The Job Scheduler built into Apache Doris is a task management system that runs on a predefined plan. It automatically triggers SQL operations at specified time points or at fixed intervals, without depending on any external scheduling tool. Starting from version 2.1, the Job Scheduler provides second-level scheduling precision.

Typical use cases:

  • Periodic data ingestion and ETL processing, reducing manual intervention
  • Periodic synchronization across multiple data sources together with Multi-Catalog
  • Periodic cleanup of expired or invalid data to free up storage
  • Periodic refresh of asynchronous materialized views

Core features:

FeatureDescription
Second-level precisionUses the TimingWheel algorithm to deliver event triggering at second-level precision
Flexible schedulingSupports both one-time and recurring scheduling, with optional start and end times for recurring jobs
High-performance queueBuilds a high-performance producer-consumer model on Disruptor to avoid execution overload
Traceable execution recordsRetains recent Task execution records (with a configurable count) that you can query through commands
High availabilityRelies on Doris's own high-availability mechanism and supports automatic failure recovery

Related documentation: CREATE JOB


Syntax

A complete Job creation statement consists of the following three parts:

CREATE JOB job_name
ON SCHEDULE schedule
[COMMENT 'string']
DO execute_sql;

schedule: {
AT timestamp
| EVERY interval
[STARTS timestamp]
[ENDS timestamp]
}

interval:
quantity { WEEK | DAY | HOUR | MINUTE }

Syntax components:

ClauseDescription
CREATE JOB job_nameSpecifies the Job name, which uniquely identifies the task within a database
ON SCHEDULE AT timestampOne-time scheduling: executes once at the specified time point.

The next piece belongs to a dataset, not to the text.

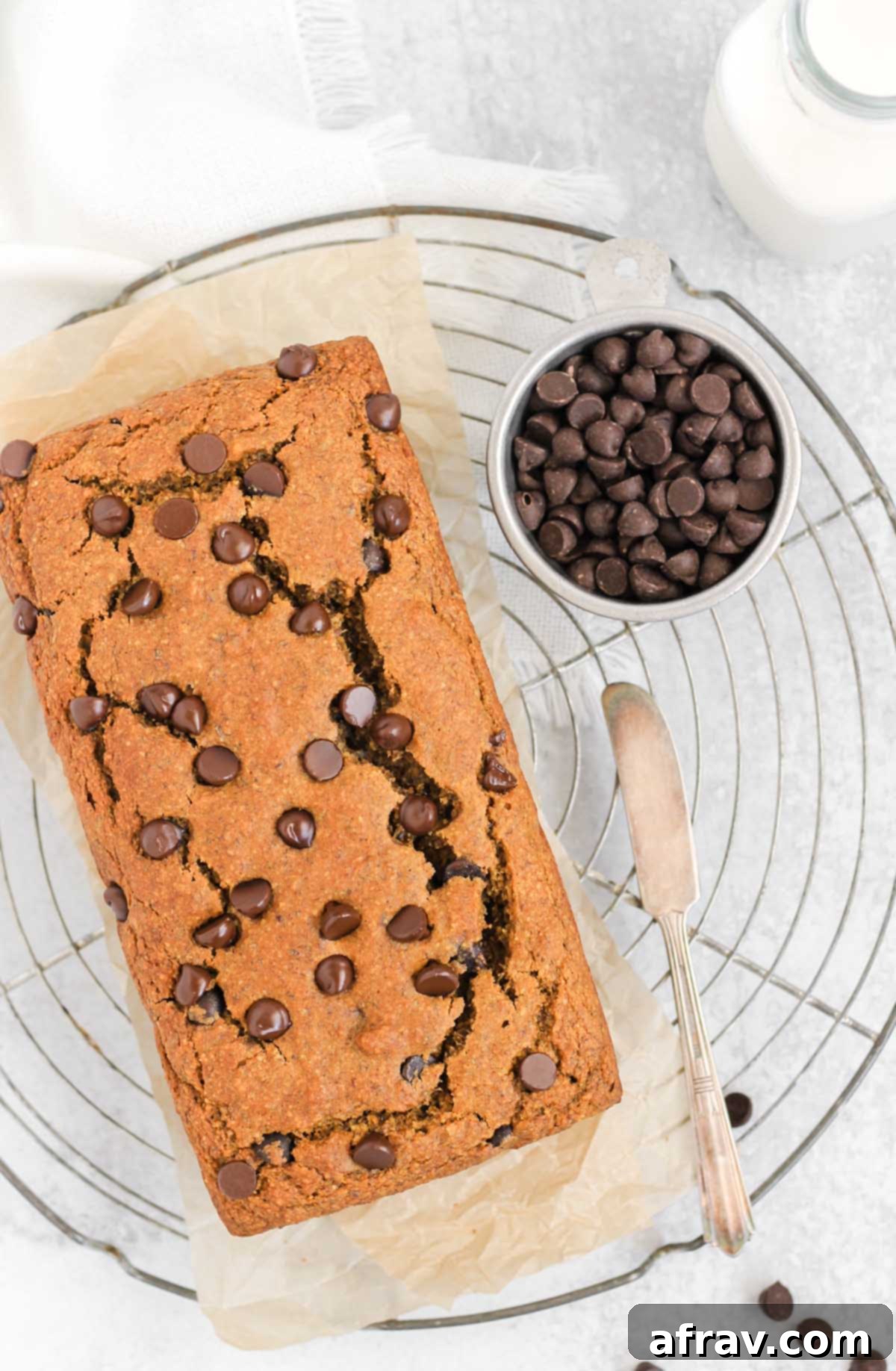Irresistible Gluten Free Chocolate Chip Pumpkin Bread 12 Gluten-free pumpkin chocolate chip loaf cooling on a round wire cooling rack, viewed from above.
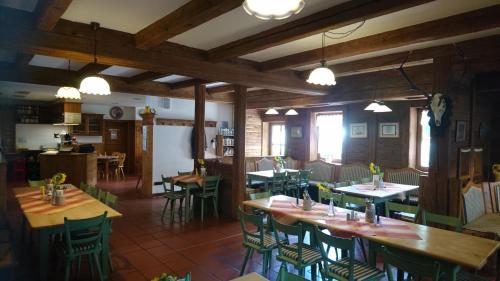 a restaurant with tables and chairs in a room at Landgasthof Hummel in Ebensfeld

Use CURRENT_TIMESTAMP to execute immediately
ON SCHEDULE EVERY intervalRecurring scheduling: executes repeatedly at the specified interval
STARTS timestamp(Optional) Start time of a recurring schedule. Use CURRENT_TIMESTAMP to start immediately
ENDS timestamp(Optional) End time of a recurring schedule
DO execute_sqlThe SQL statement to execute when triggered (currently only INSERT statements are supported)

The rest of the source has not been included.